# [TRY IT]
Print the whole listing below exactly as given, pictures excluded.

# [EXERCISE DATA]
···

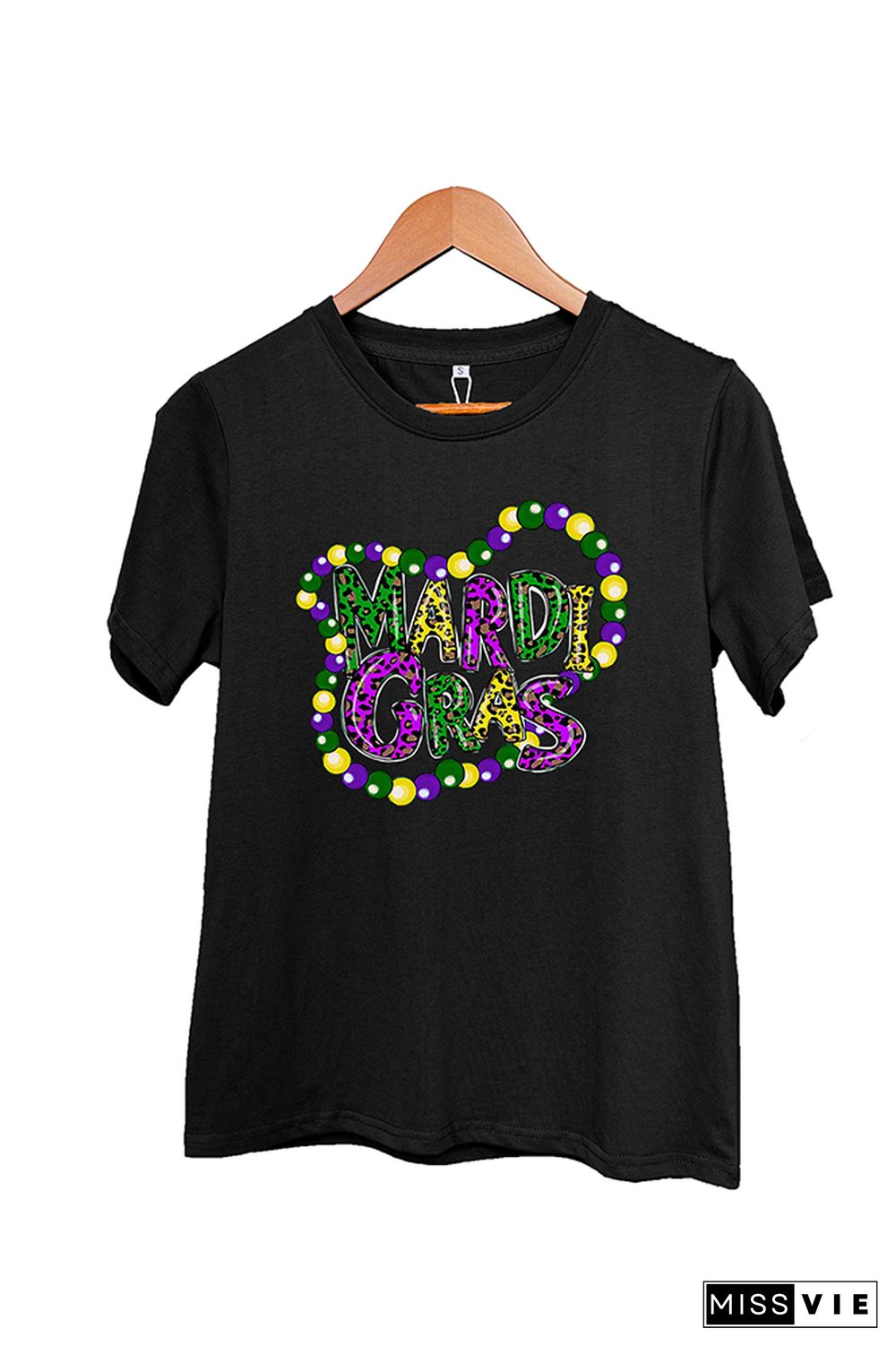 Mardi Gras Letter Print Short Sleeve Graphic Tee Wholesale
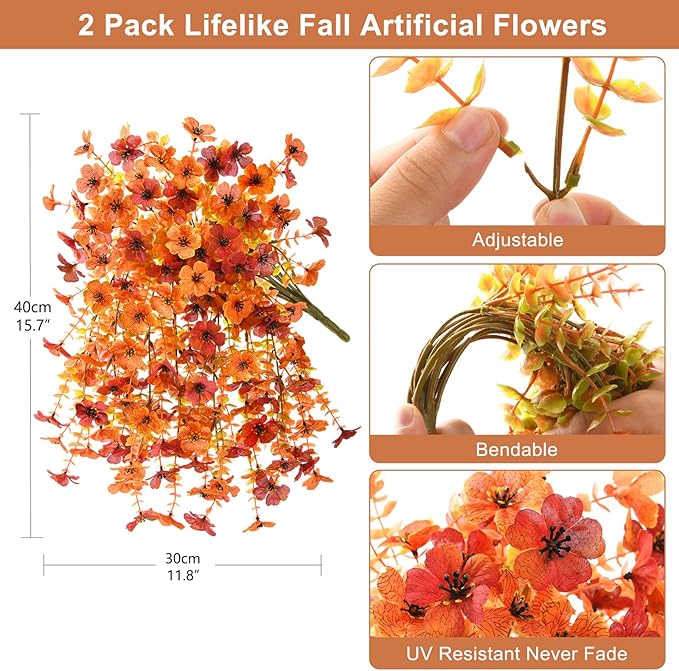 ZFProcess Artificial Fall Flowers for Outdoors, 2PCS Silk Fake Flowers Realistic Daisy Mums UV Resistant Porch Patio Window Yard Decor (Fall Orange)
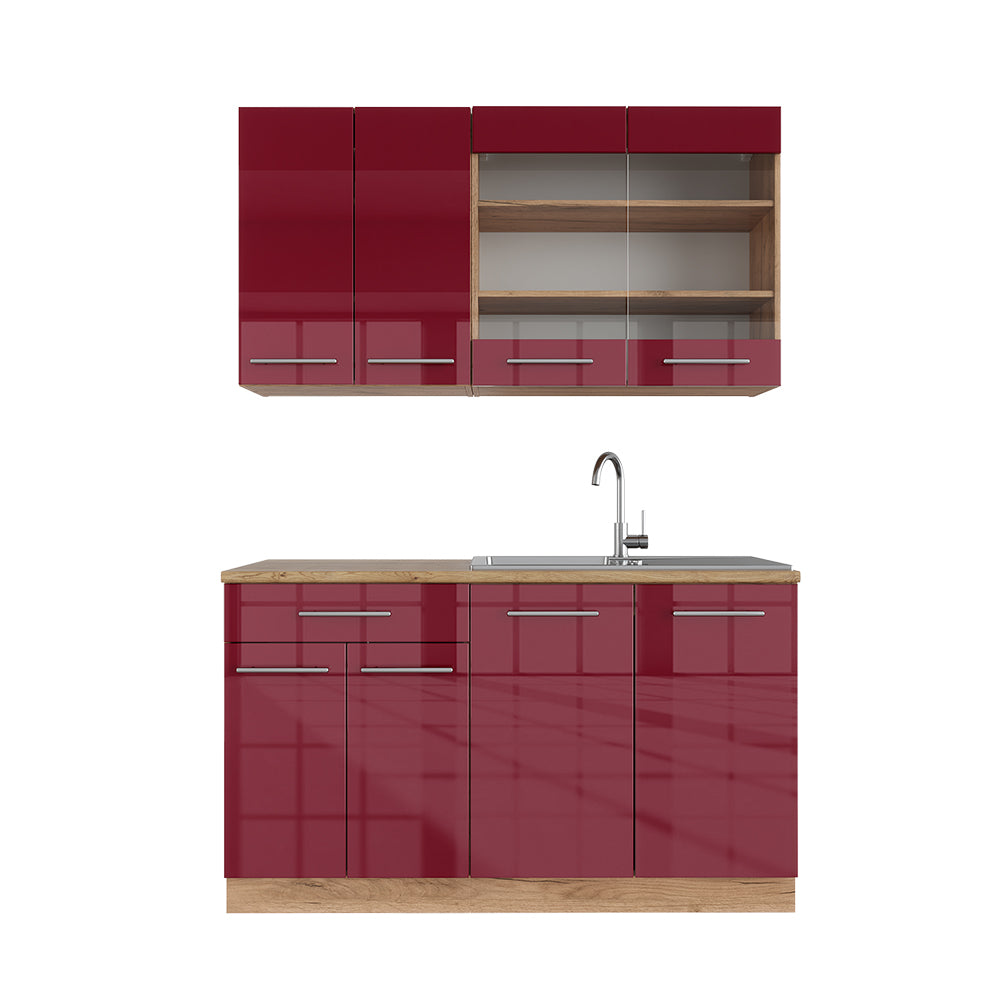 Vicco Cucina completa Bordeaux lucido/rovere dorato 140 cm , PL Rovere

···

# [EXPECTED ANSWER]
 Mardi Gras Letter Print Short Sleeve Graphic Tee Wholesale
 ZFProcess Artificial Fall Flowers for Outdoors, 2PCS Silk Fake Flowers Realistic Daisy Mums UV Resistant Porch Patio Window Yard Decor (Fall Orange)
 Vicco Cucina completa Bordeaux lucido/rovere dorato 140 cm , PL Rovere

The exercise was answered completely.